[ACTIVITY]
Exactly retype the lines from the top of the data through the line containing "Captain Hook Peter Pan Diamond Painting", leaving out every picture.

Entries taken from a collection:
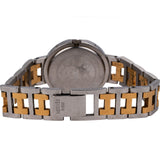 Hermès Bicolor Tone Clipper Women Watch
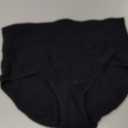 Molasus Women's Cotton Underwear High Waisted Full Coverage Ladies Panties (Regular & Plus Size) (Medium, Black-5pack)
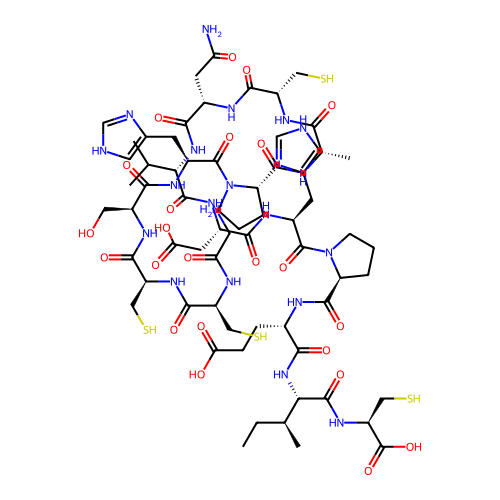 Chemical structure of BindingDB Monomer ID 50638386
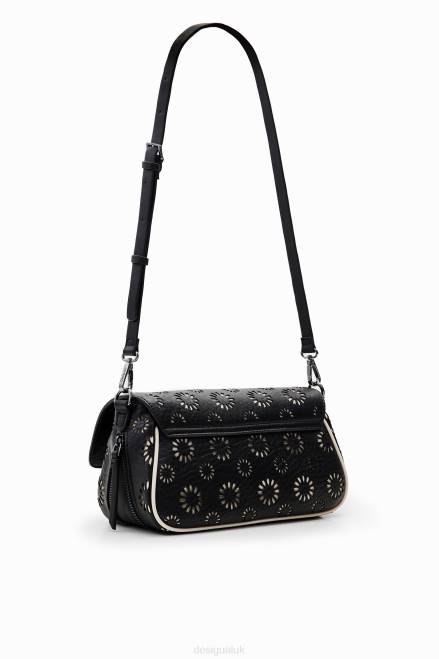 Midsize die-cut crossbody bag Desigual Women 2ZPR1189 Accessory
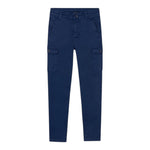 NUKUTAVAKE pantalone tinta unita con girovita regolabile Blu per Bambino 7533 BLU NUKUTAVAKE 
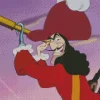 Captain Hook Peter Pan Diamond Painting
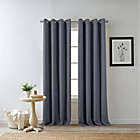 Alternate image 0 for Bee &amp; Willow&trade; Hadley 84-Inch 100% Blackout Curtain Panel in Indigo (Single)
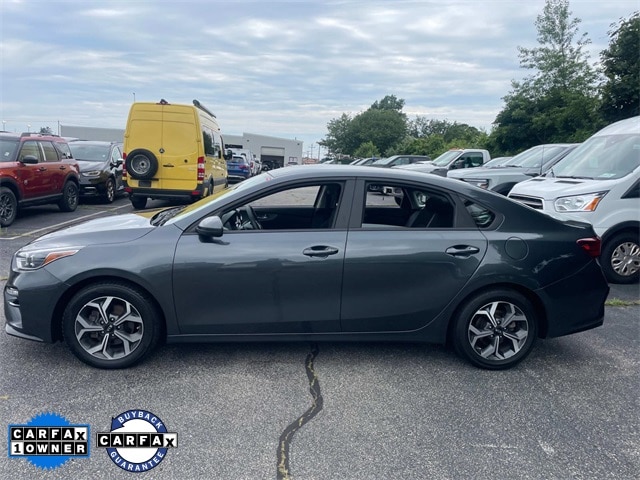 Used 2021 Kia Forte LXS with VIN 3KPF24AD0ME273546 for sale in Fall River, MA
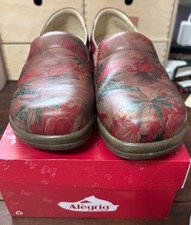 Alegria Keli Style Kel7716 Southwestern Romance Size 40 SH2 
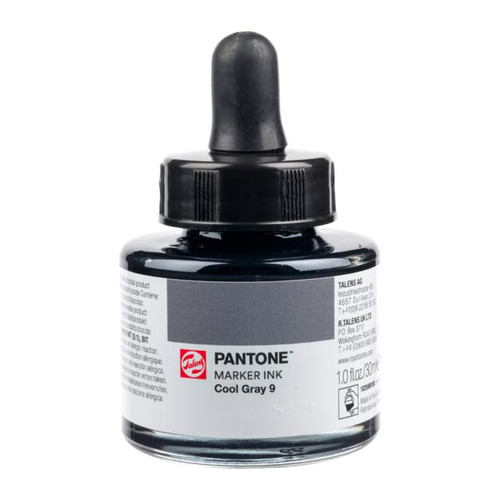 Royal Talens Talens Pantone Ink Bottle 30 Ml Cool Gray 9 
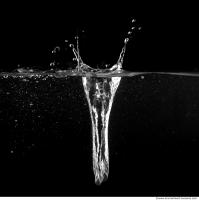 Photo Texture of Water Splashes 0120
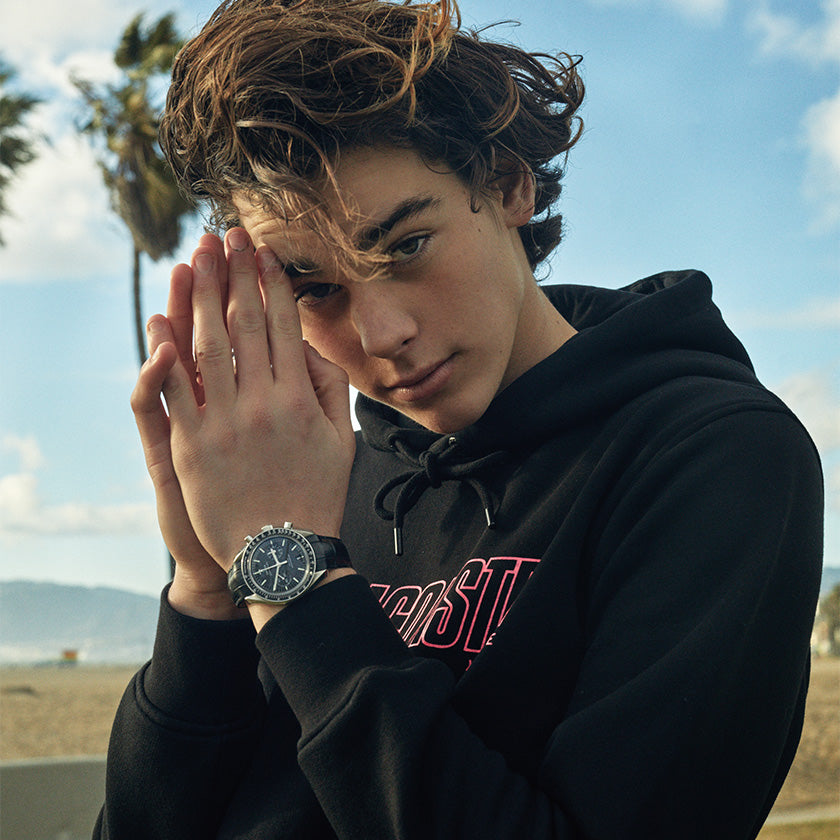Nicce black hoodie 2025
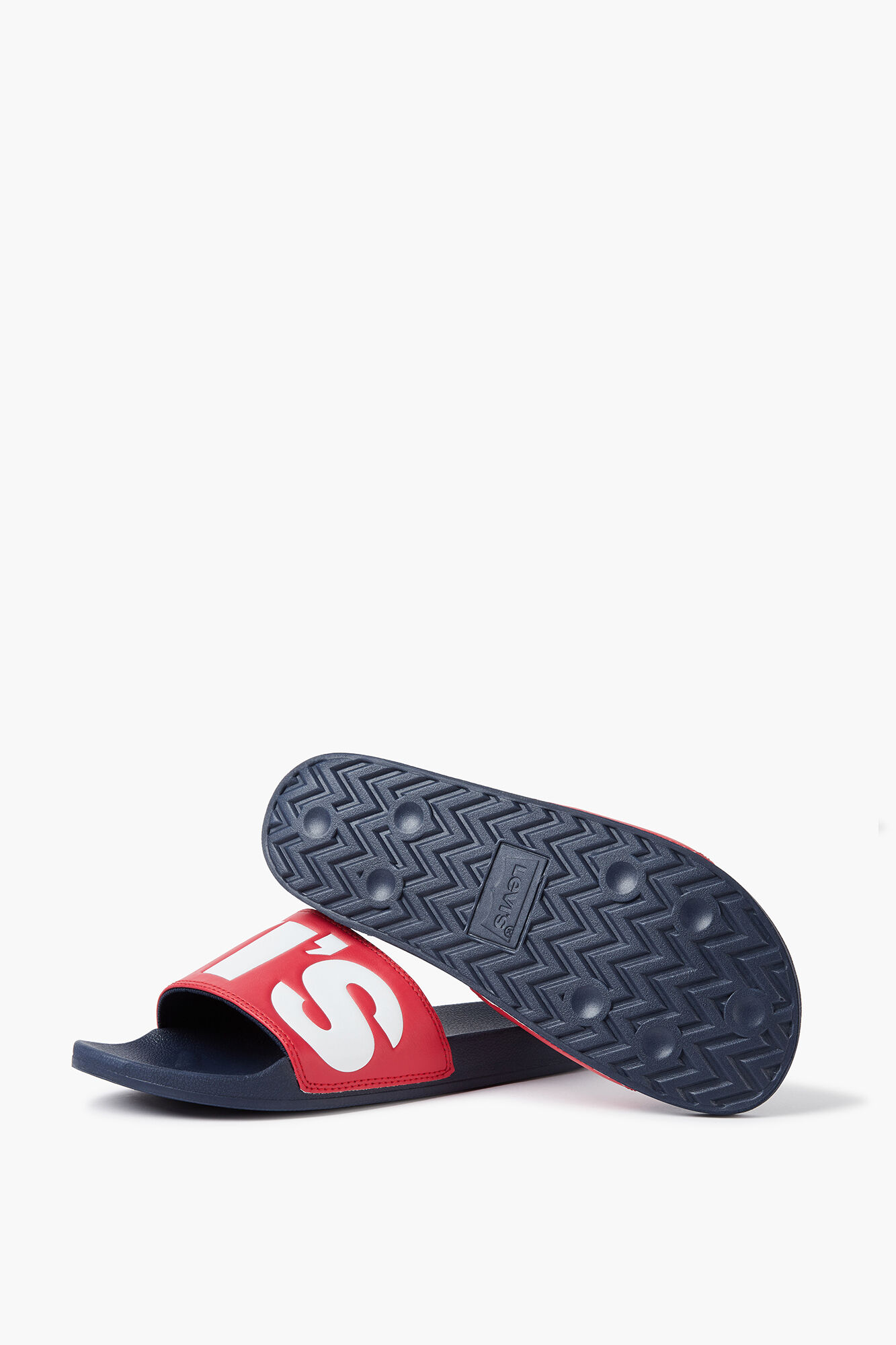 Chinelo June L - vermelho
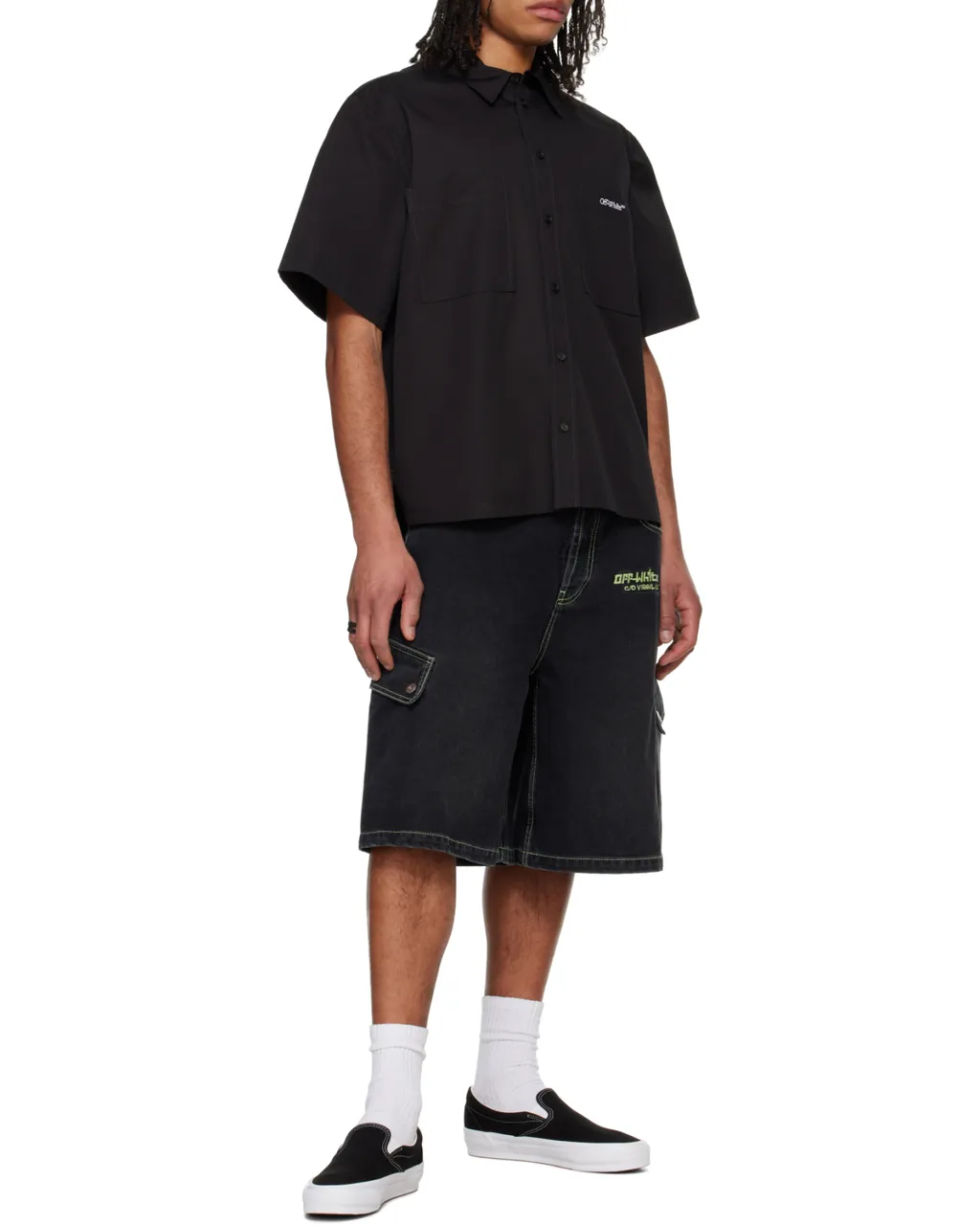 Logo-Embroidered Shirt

[TASK RESPONSE]
 Hermès Bicolor Tone Clipper Women Watch
 Molasus Women's Cotton Underwear High Waisted Full Coverage Ladies Panties (Regular & Plus Size) (Medium, Black-5pack)
 Chemical structure of BindingDB Monomer ID 50638386
 Midsize die-cut crossbody bag Desigual Women 2ZPR1189 Accessory
 NUKUTAVAKE pantalone tinta unita con girovita regolabile Blu per Bambino 7533 BLU NUKUTAVAKE 
 Captain Hook Peter Pan Diamond Painting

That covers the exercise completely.